Post History

Here's a relevant bit from the standard ([C89](http://www.open-std.org/jtc1/sc22/WG14/www/docs/n1256.pdf), section 7.20.3):


 > The pointer returned if the allocation succeeds is
 > suitably aligned so that it may be assigned to a pointer
 > to any type of object and then used to access such an
 > object or an array of such objects in the space allocated

In other words, the compiler/library has to ensure that the pointer that `malloc` returns is aligned to whatever alignment requirements the current platform has.  If your platform requires 32-bit I/O to be aligned to 4-byte boundaries, then `malloc` is going to give you a pointer that's aligned to a 4-byte boundary.  The pointer has to work with "any type" of object (since you can't pass type information to `malloc`), so that means it will be aligned to whatever the strictest boundary for your platform is.  In a lot of cases this corresponds to the word size of the machine.

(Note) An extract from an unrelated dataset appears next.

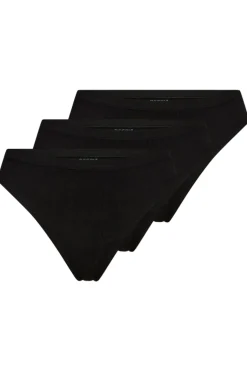 Destring 3-Pack, Bamboo 8600-62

In your specific case, you only saw the problem when `N` was a multiple of 8.  Most likely, your platform's alignment rules required `malloc` to return pointers aligned to 8-byte boundaries.  When your allocation wasn't a multiple of 8 bytes, the `size % 8` bytes of space between the end of your buffer and the next 8-byte boundary were unused.  You could write into these bytes because there was no way for `malloc` to allocate them for someone else without generating a pointer that didn't meet the requirement above.  When `N` is indeed a multiple of 8, then the very next byte after the array is allocatable, and writing into it risks overwriting someone else's memory.  An interesting side effect is that code that appears to work on your machine might not work on a hardware platform that has different alignment requirements.